I’m having trouble picking a value between two strings in PHP using REGEX

Asked

Viewed 327 times

1

$exemplo = "Olá, como vocês estão? Eu queria pegar o valor entre esses colchetes {# Olá mundo} e que esse aqui {#Teste} não interferisse, e me retornasse:";

I’d like the code to return:

[
   [0] => (string) "Olá mundo",
   [1] => (string) "Teste"
]

My code:

preg_match_all('/\{#(.*)\}/', $exemplo, $results);
vardump($results);

But he returns:

 array(2) { [0]=> array(1) { [0]=> string(39) "{# Olá mundo} e que esse aqui {#Teste}" } [1]=> array(1) { [0]=> string(37) "# Olá mundo} e que esse aqui {#Teste" } }
  • 4

    try it /\{#[^}]*)\}/ - [^}]* means "anything but }" - Another possibility /\{#(.*?)\}/ - *? means "as little as possible" - *? is the "not cute" version of *

  • 1

    The first did not work, however, the second(/{#(.*?)}/ - *?) worked perfectly. Thank you very much.!

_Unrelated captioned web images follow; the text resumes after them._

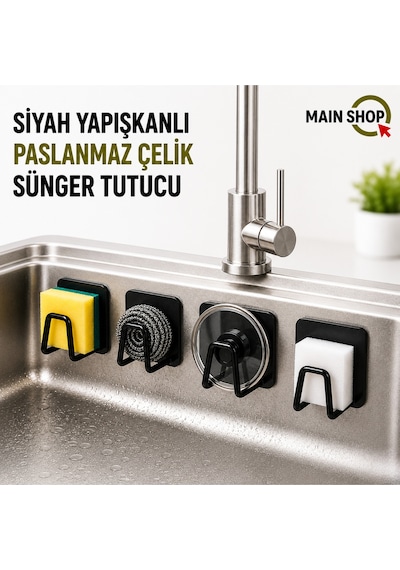 Mainshop 4 Adet Siyah Sünger Askılığı - Paslanmaz Çelik Suya Dayanıklı Delme Gerektirmeyen Tutucu M-sng1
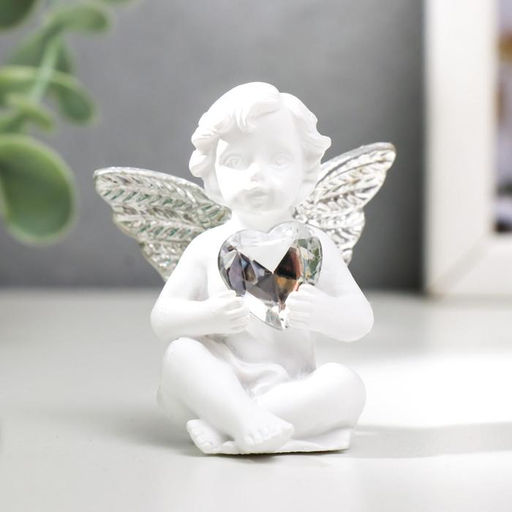 Цена за 2 шт. Фигурка полистоун Белоснежный ангел с хрустальным сердцем, 5.5?4.7?3.5 см, МИКС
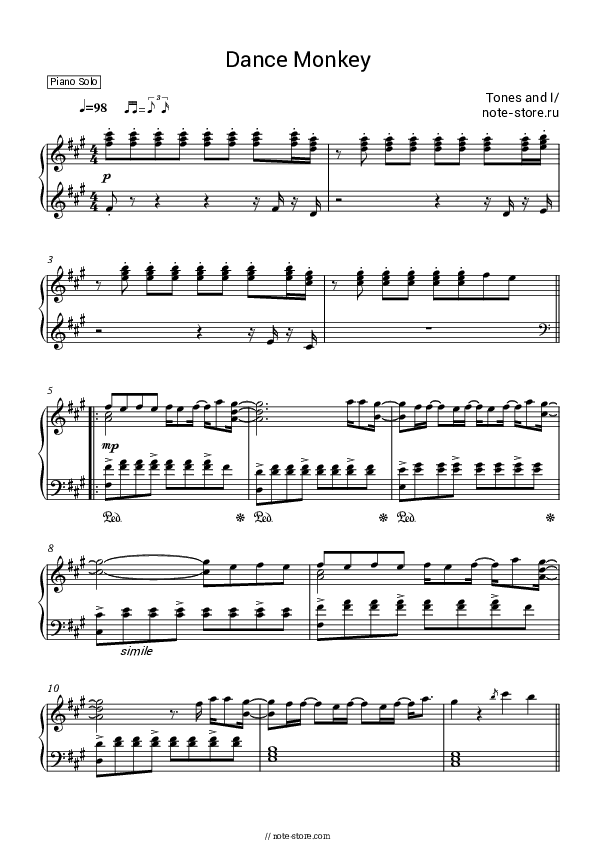 Dance Monkey - Tones and I Piano Sheet Music - Piano.Solo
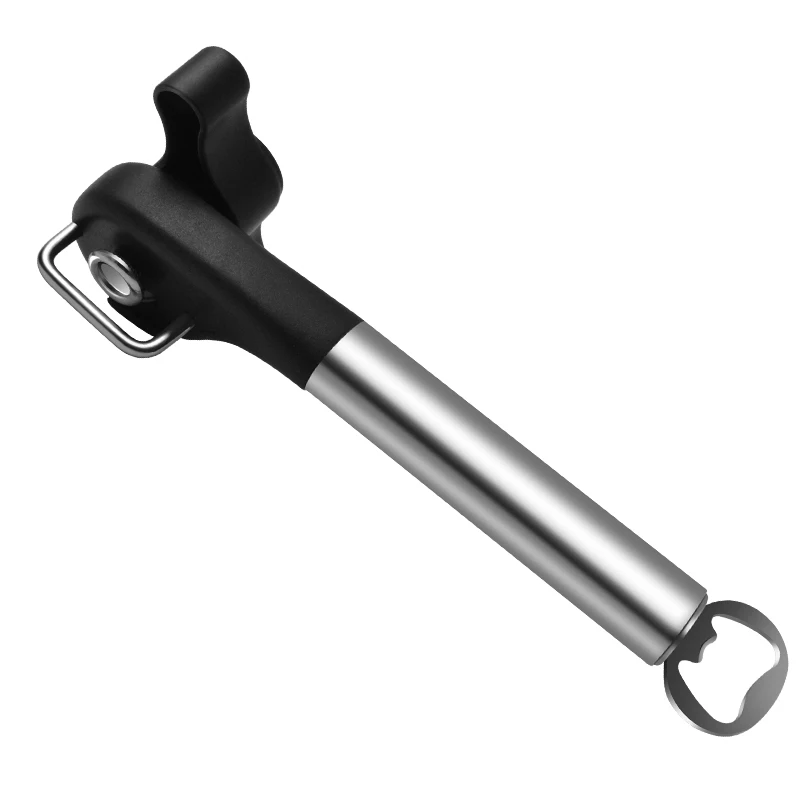 Safe Cut Design Can Opener Smooth Edge Stainless Steel Manual Cutting Can Opener with Beer Bottle Opener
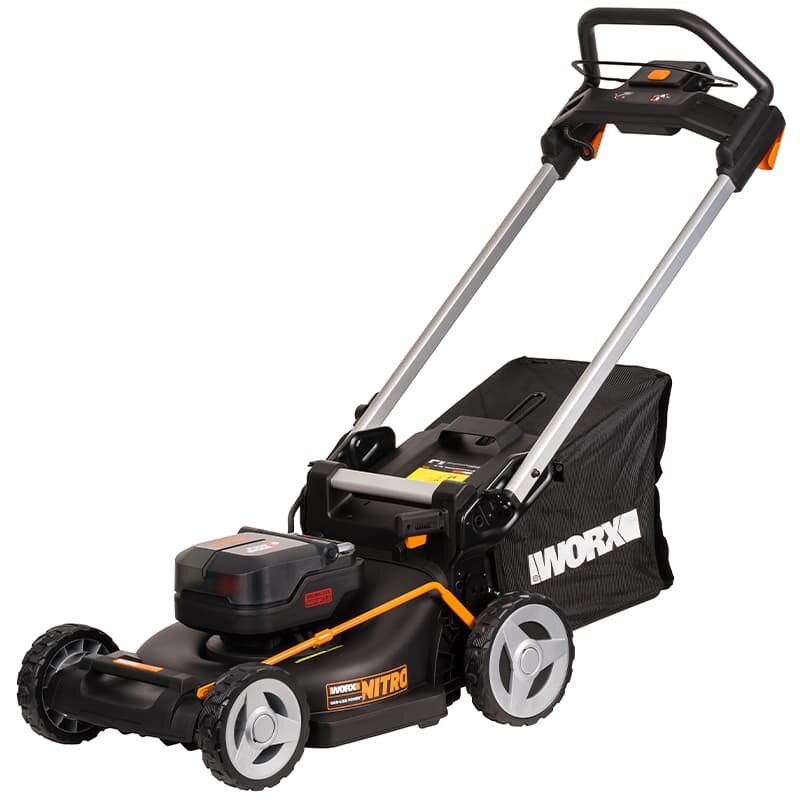 Газонокосилка WORX WG748E 40V 46 см аккумуляторная бесщеточная с двумя 4Ач батареями и двойной 2А зарядкой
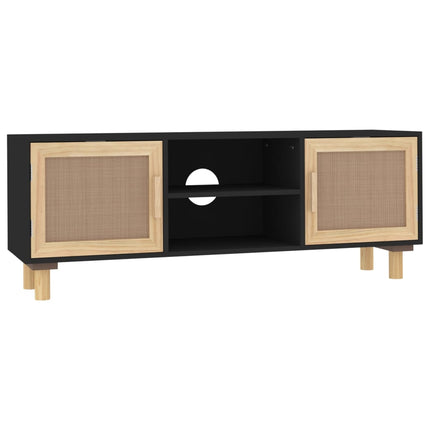 tv-bord 105x30x40 cm massivt fyrretræ og naturlig rattan sort
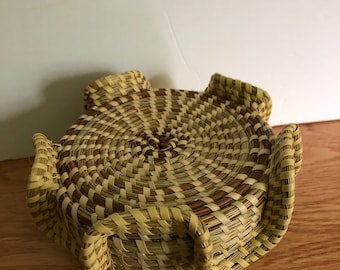 Sweetgrass elephant ears covered basket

  • If the answer from fellow Cypherpotato resolves, you can mark as accepted by clicking on the green V next to her

2 answers

4

That’s right, but with a little addition:

\{#(.*?)\}

The character ? right after a * means "the least amount possible", contrary to * alone, which is "as much as possible". After this group he looks for the next match, which is the }.

Another possibility is to capture the content inside the { ... } without the keys, with:

(?<=\{).+?(?=\})

This will capture # Olá mundo and #Teste in the string used.

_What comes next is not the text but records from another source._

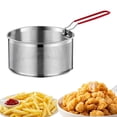 thumbnail image 1 of HLONK Friteuse en Acier Inoxydable Panier de Cuisine Multifonction avec Poignée pour Frites Spaghetti 12cm, 1 of 8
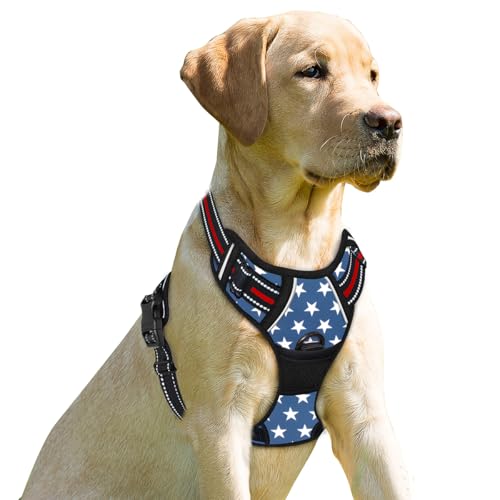 BARKBAY No Pull Dog Harness Front Clip Heavy Duty Reflective Easy Control Handle for Large Dog Walking(Star,XS) - color: Blue Star, size: X-Small(Chest:15.5-19.5”)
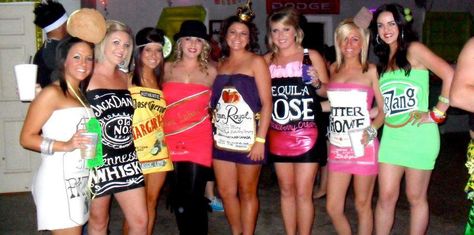 Alcohol Halloween Group Costumes. Best Homemade Costumes! Drink Costumes Alcoholic, Alcohol Halloween Costumes, Cowgirl Halloween Costumes, Halloween Alcohol, Tattoos Architecture, Halloween Costumes For Adults, Animals Tattoos, Last Minute Halloween Costume, Birthday 30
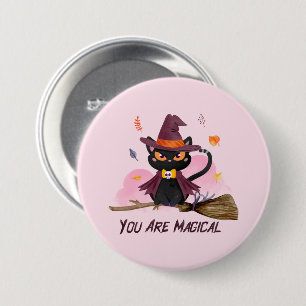 You Are Magical – Witch Cat Riding a Broom 7.5 Cm Round Badge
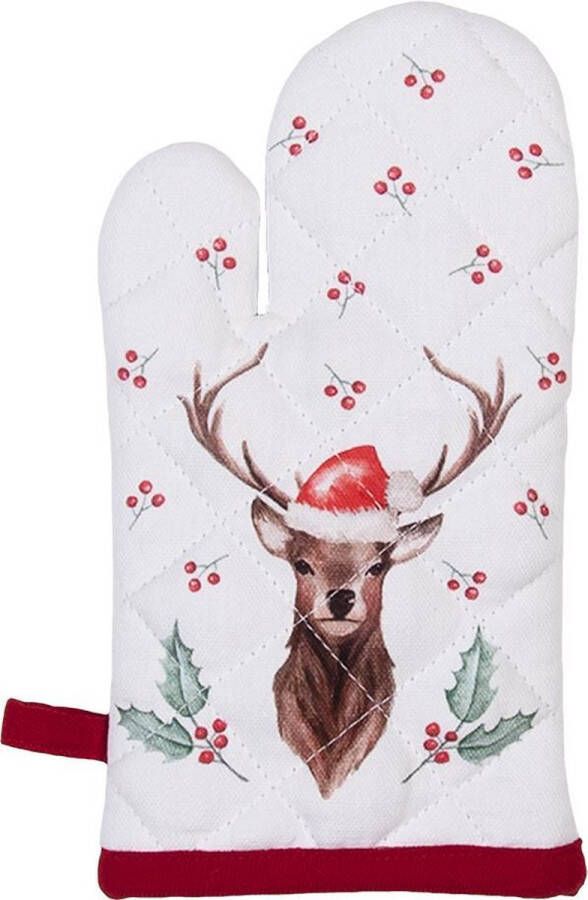 Clayre & Eef Kind Ovenwant 12x21 cm Wit Rood Katoen Hert Hulstbladeren Ovenhandschoen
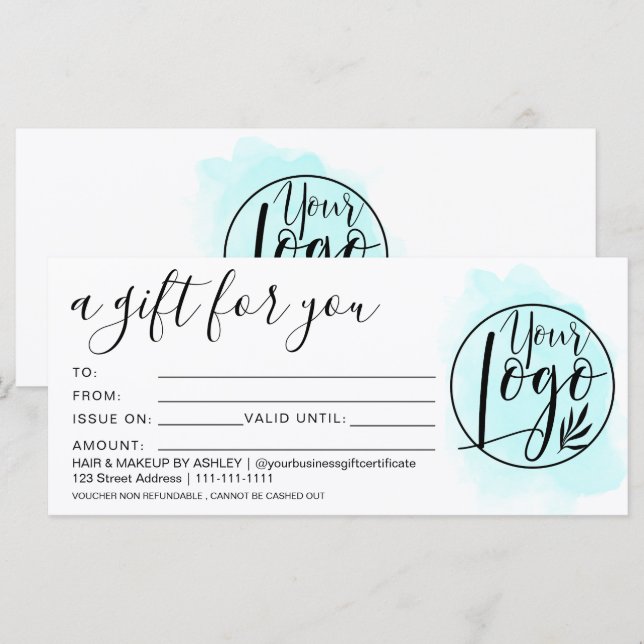 Teal blue brushstroke gift certificate logo (Front/Back)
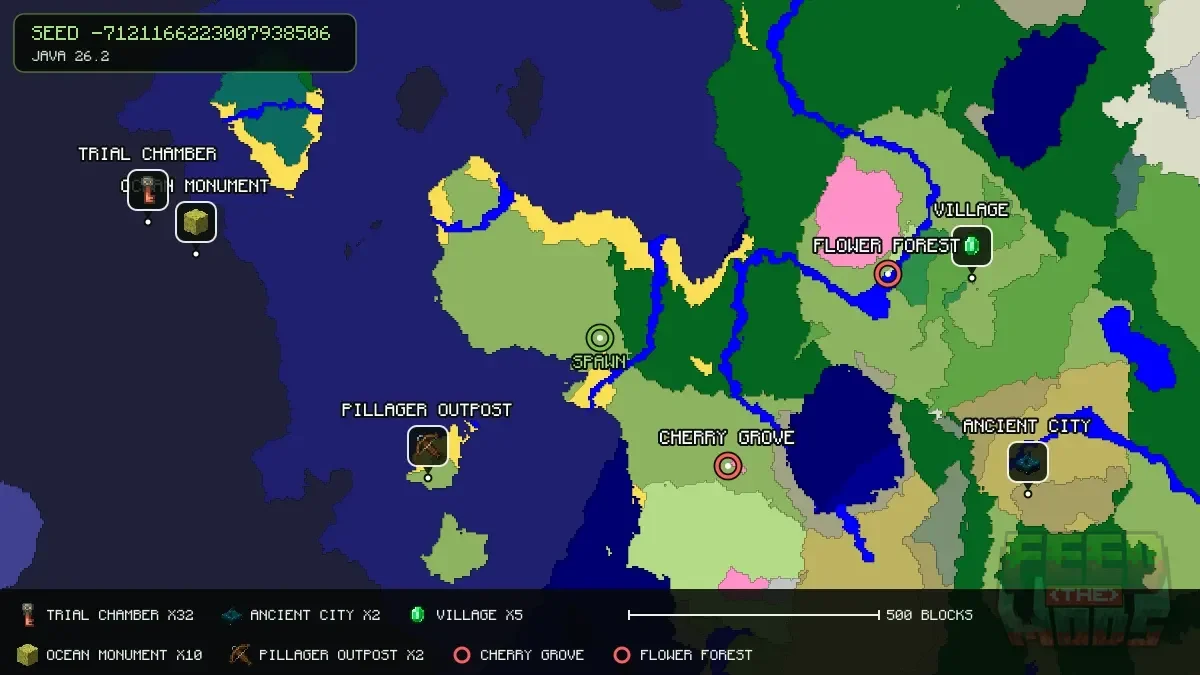 Spawn overview for seed -7121166223007938506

  • I got the following error: Warning: preg_match_all(): Delimiter must not be alphanumeric or backslash in. However, I’ve solved my problem anyway, thank you so much!

  • 1

    @Sydo you remembered to put the / around? Note that the / / are not part of Regex, are the delimiters. In your question you have /\{#(.*)\}/, but the same regex is the \{#(.*)\} - how precisely to put the / or another character not used in the expression

  • You’re right, it worked when putting them up. Thanks again, and thanks also @Cypherpotato

  • Hello Cypher, I have another question, if it’s no bother, you could inform me a regex that picks values within the php tag? <?php valor ?>

  • @Sydo You could try something like /\<\?php(.*?)\?\>/gms. Note that you should use the tag single-line in the code.

2


The problem with your regex is that you used the point, which in regex means "any character" (except line breaks), together with the quantifier * (meaning "zero or more occurrences").

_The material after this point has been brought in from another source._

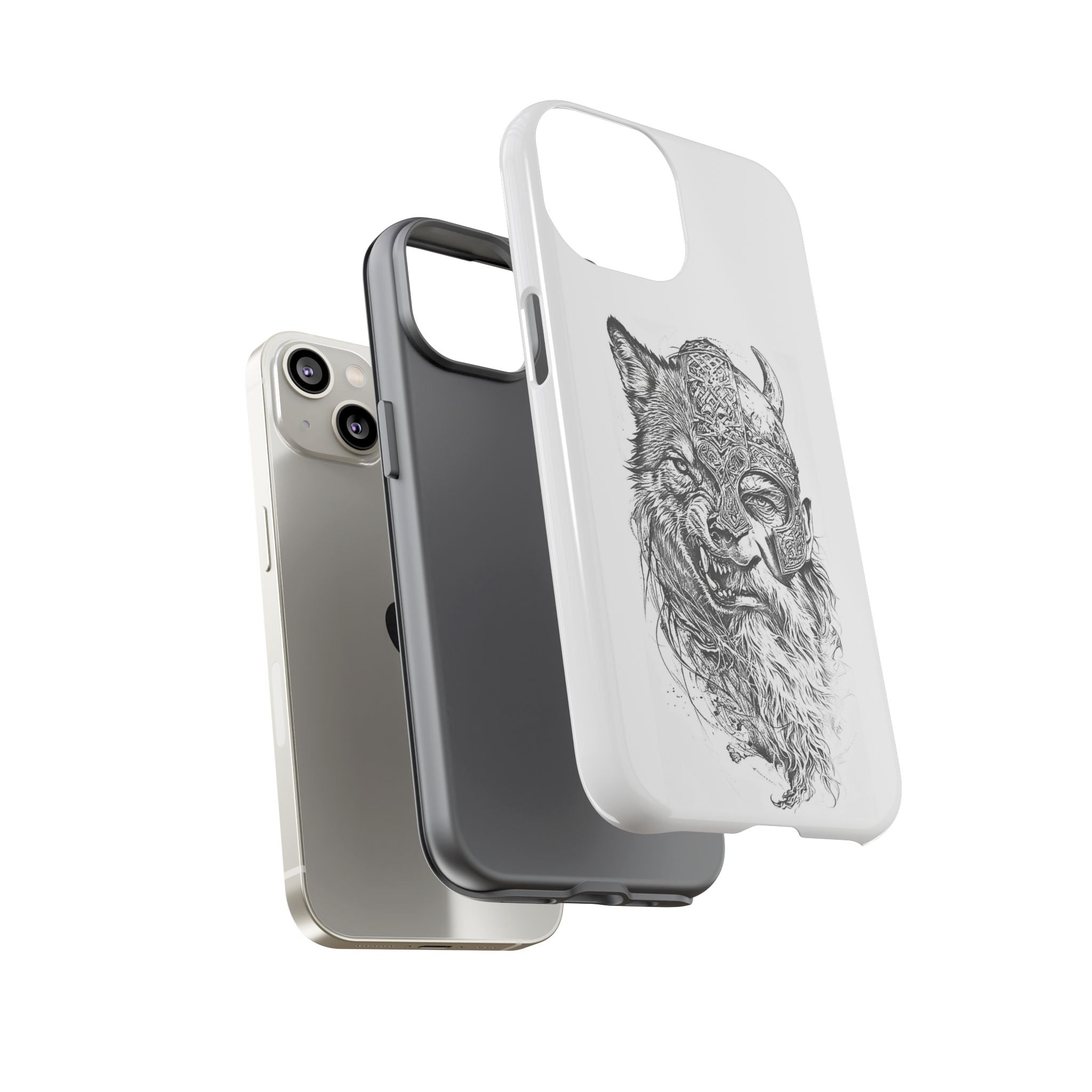 Viking Wolf Spirit – Norse Warrior Fusion iPhone Case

Only by default the quantifiers are "greedy" (Greedy) and try to pick up as many characters as possible. And how the point corresponds to any character (anyone, including their own { and }, if the regex finds it necessary), it ends up picking up more text than you would like (in this case, it picks up from the first { to the last } what to find).

One of the solutions has already been pointed out in another answer: use the .*? to make the quantifier "lazy" (Lazy), so he picks up as few characters as possible - that is, he only goes to the first } what to find (more details on quantifiers Lazy here and here).


But I would like to suggest another solution (which has already been given in the comments, But I’m going to go into more detail anyway).

Instead of using the dot (which picks up any character), you can be more specific and indicate exactly what you need. In this case, you do not want any character, but rather "any character that nay be the }". For that we use a character class denied: [^}] (meaning "any character other than }"). Notice I didn’t have to use the exhaust \}, because inside brackets many metacharacters do not need the \. The code would look like this:

$exemplo = "Olá, como vocês estão? Eu queria pegar o valor entre esses colchetes {# Olá mundo} e que esse aqui {#Teste} não interferisse, e me retornasse:";
preg_match_all('/\{#([^}]+)\}/', $exemplo, $results);
foreach ($results[1] as $texto) {
    echo $texto.PHP_EOL;
}

Notice I switched the quantifier * for +. In the case, the * means "zero or more occurrences", which means that if there is nothing between the # and the }, regex would also accept (and an empty string would appear in the results). Already + means "one or more occurrences", requiring there to be at least one character between the # and the }.

I also place the passage [^}]+ in brackets to form a catch group. And since it is the first pair of parentheses of regex, this section will be in group 1 (which in turn will be at position 1 of the array $results). Traversing the array $results[1], i get all the captured texts. The output is:

 Olá mundo
Teste

Notice that it includes the space before "Hello world", since the regex takes everything between the # and the }.


The detail is that this regex also captures texts like {#abc{xyz} (in this case, it captures the excerpt "abc{Xyz"). If you don’t want it to take the { between the c and the x, may include the { in the denied character class, leaving /\{#([^{}]+)\}/ - now I’m saying I want to [^{}] (anything that nay be it { nor }).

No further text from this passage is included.